START Task inputs

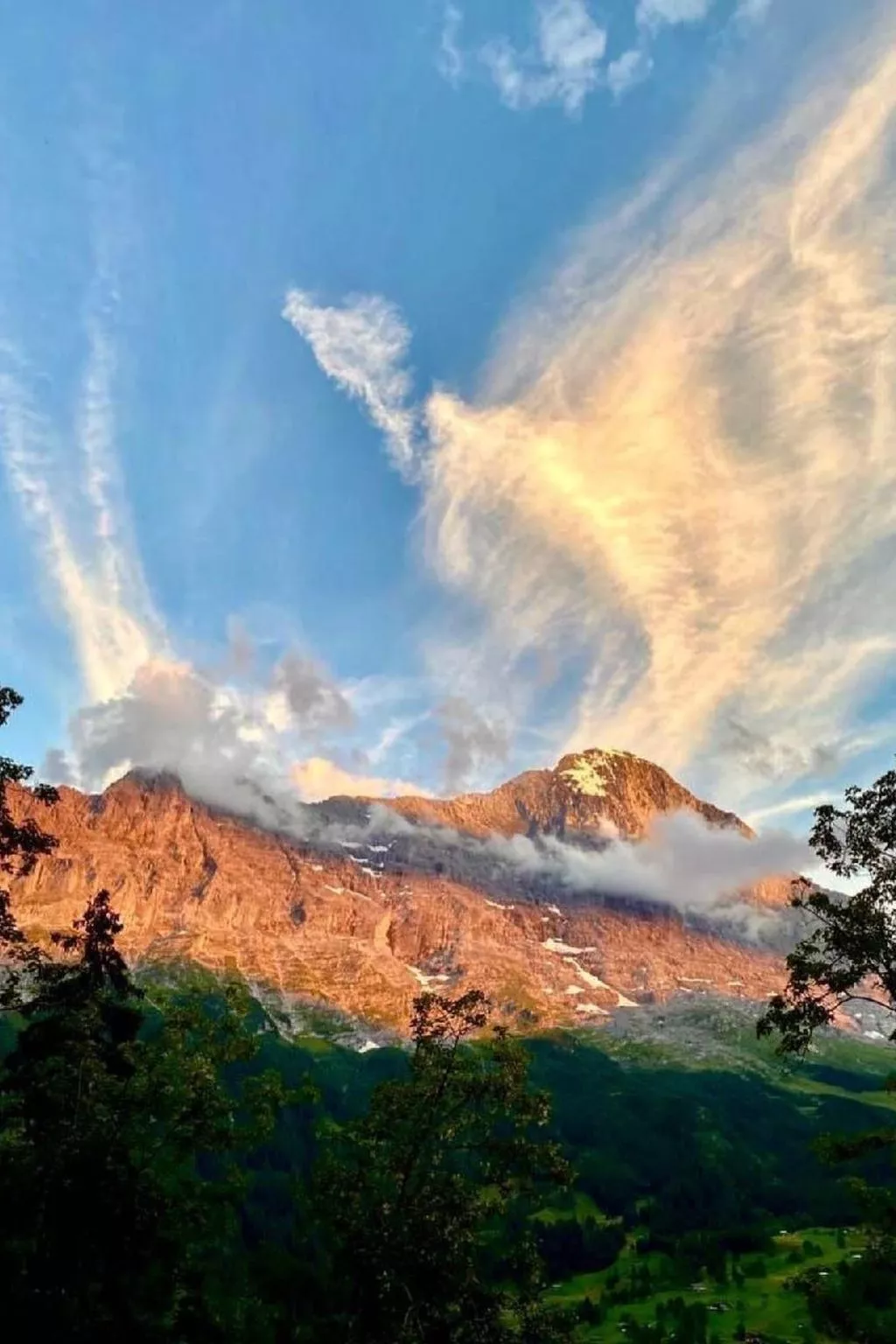 Chalet Tannegüetli-Buiten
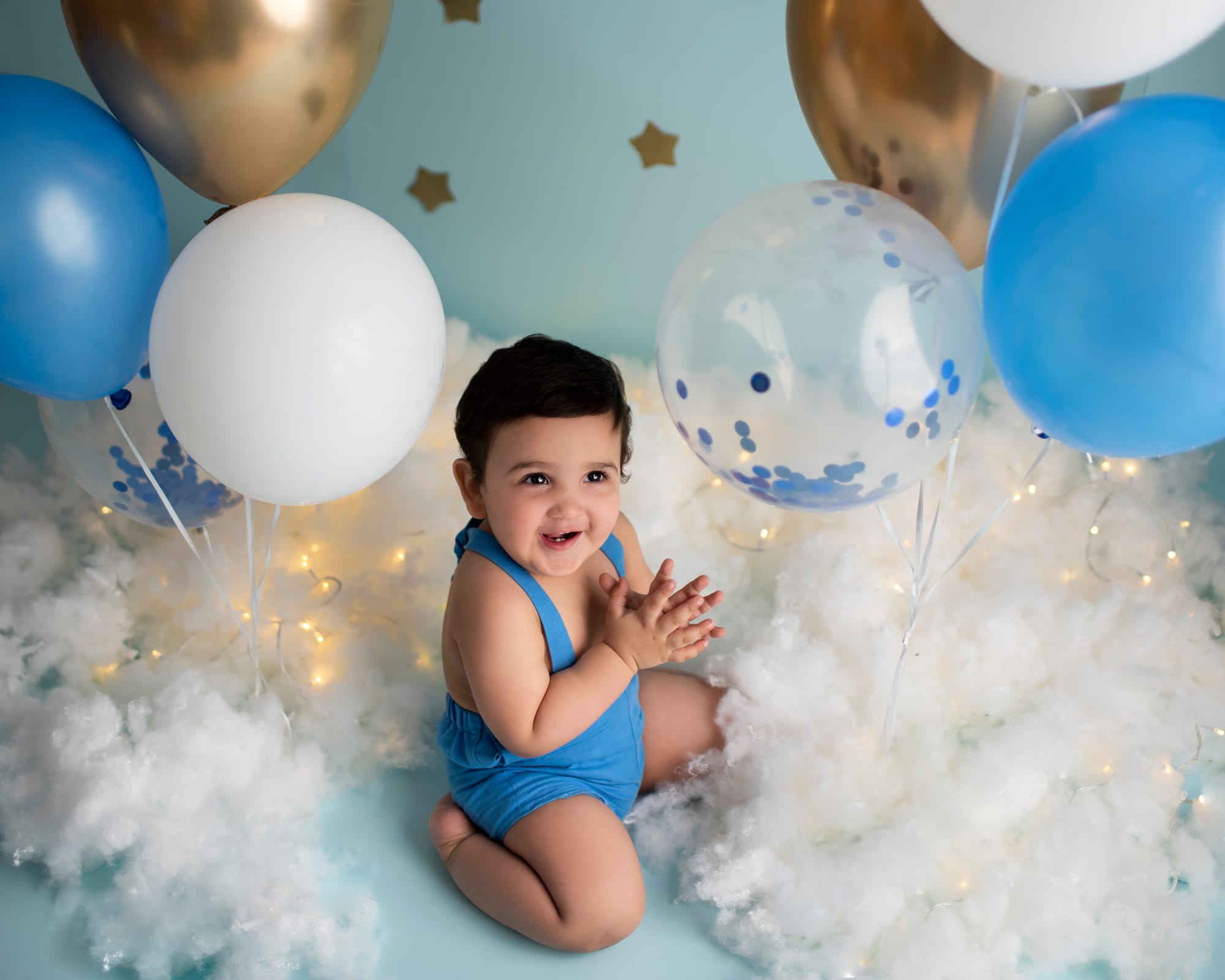 عيد الميلاد الأول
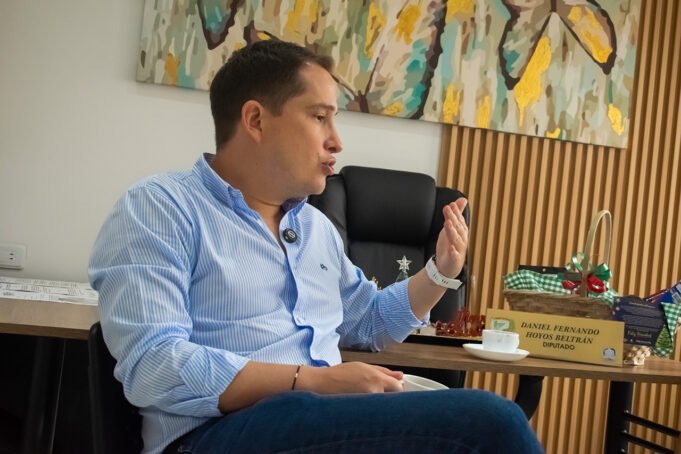 Daniel Hoyos presentó balance de gestión 2025 y reafirma su compromiso con las víctimas y la inversión social en el Valle del Cauca. daniel-hoyos-presento-balance-de-gestion-2025-y-reafirma-su-compromiso-con-las-victimas-y-la-inversion-social-en-el-valle-del-cauca-01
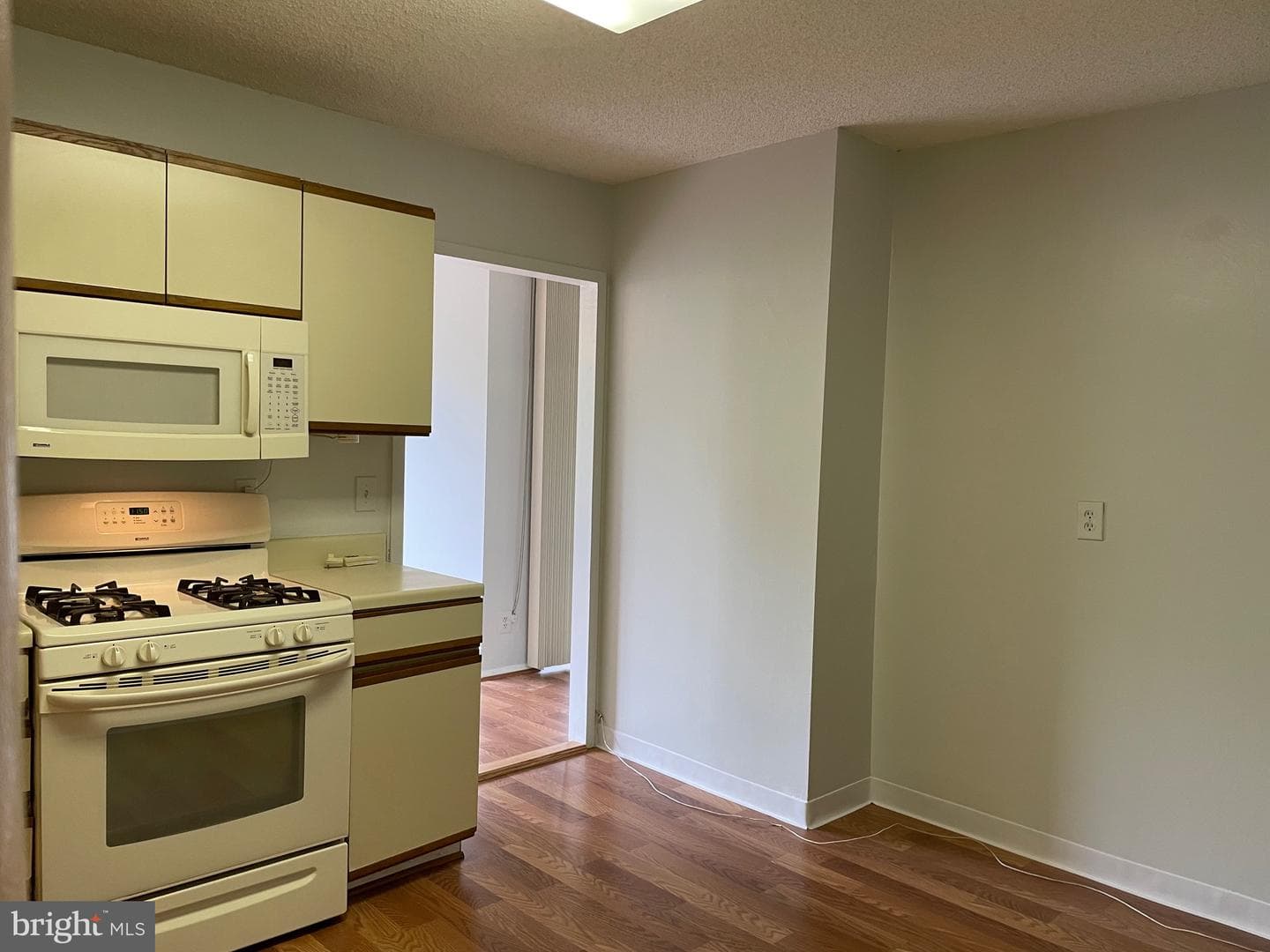 5225 Pooks Hill Road #228s photo 12
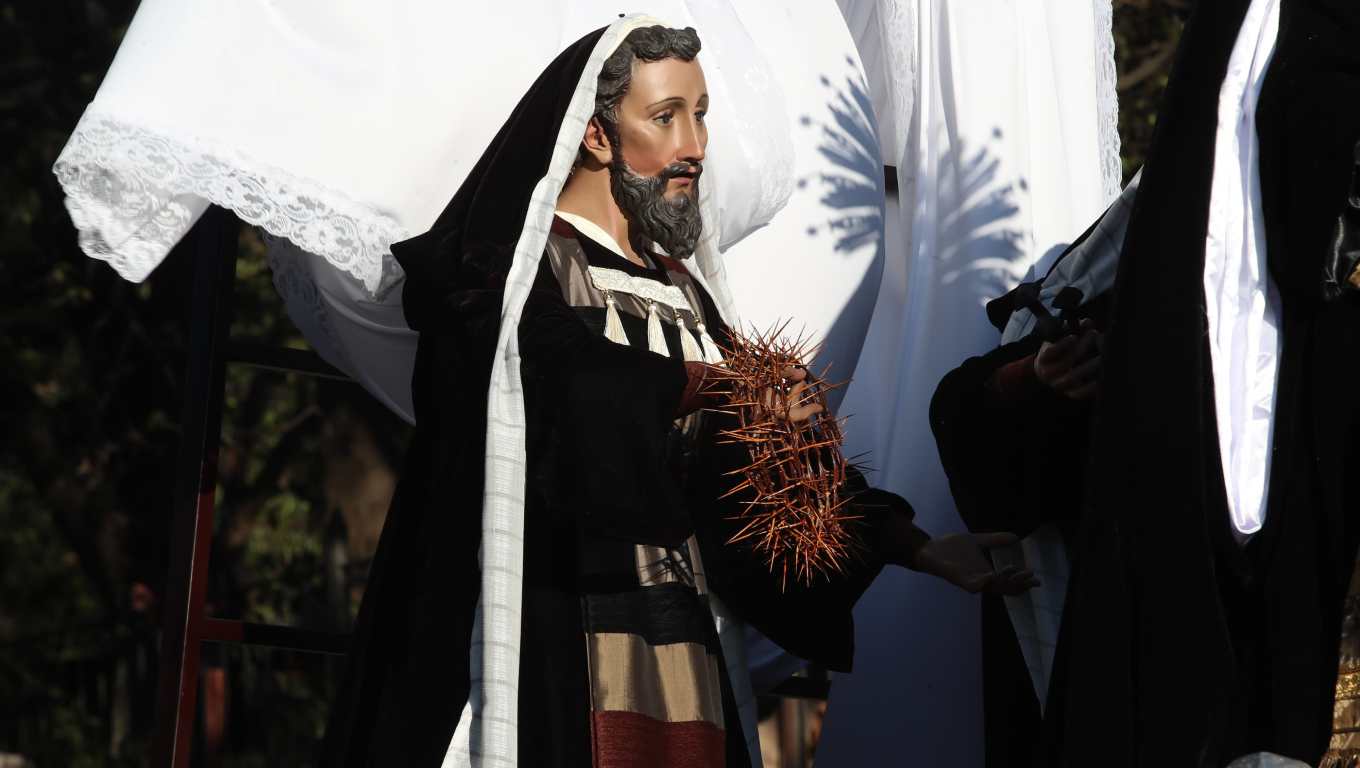 En la imagen, se observa a un santo varón al lado de la Virgen María sosteniendo la corona de espinas del cristo yacente. (Foto Prensa Libre: Byron Rivera Baiza)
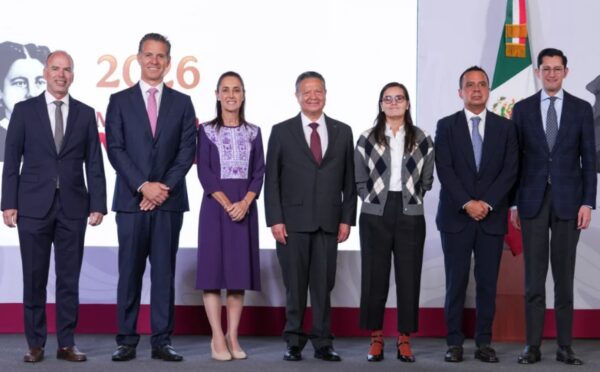 Directivos de la cooperativa La Cruz Azul, durante la conferencia matutina de la presidenta Claudia Sheinbaum, anunciaron un inversión millonaria en Tula de Allende, Hidalgo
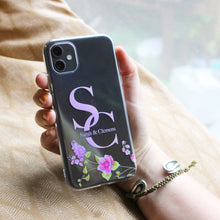 Lade das Bild in den Galerie-Viewer, Sarah und Clemens Liebesbeweis für iPhone 11 Silikon Tpu Transparent Name und Initialen frei Wählbar Lieblingscases.de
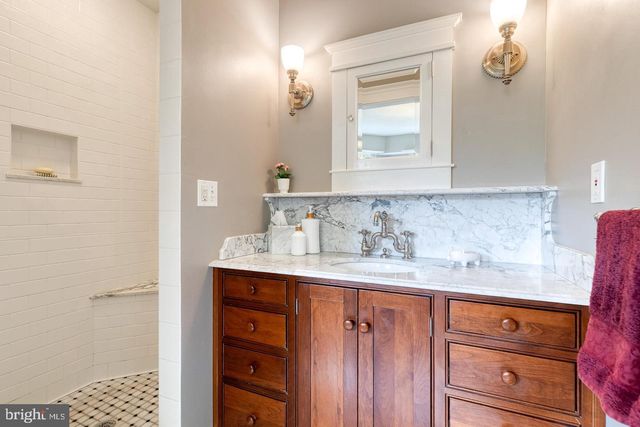 501 WOODLAWN RD, Baltimore, MD 21210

END Task inputs

Nothing but the lines from the one containing "5225 Pooks Hill Road #228s photo 12" through the final line of the entries above should be given again, each exactly as written; omit the pictures.

 5225 Pooks Hill Road #228s photo 12
 En la imagen, se observa a un santo varón al lado de la Virgen María sosteniendo la corona de espinas del cristo yacente. (Foto Prensa Libre: Byron Rivera Baiza)
 Directivos de la cooperativa La Cruz Azul, durante la conferencia matutina de la presidenta Claudia Sheinbaum, anunciaron un inversión millonaria en Tula de Allende, Hidalgo
 Lade das Bild in den Galerie-Viewer, Sarah und Clemens Liebesbeweis für iPhone 11 Silikon Tpu Transparent Name und Initialen frei Wählbar Lieblingscases.de
 501 WOODLAWN RD, Baltimore, MD 21210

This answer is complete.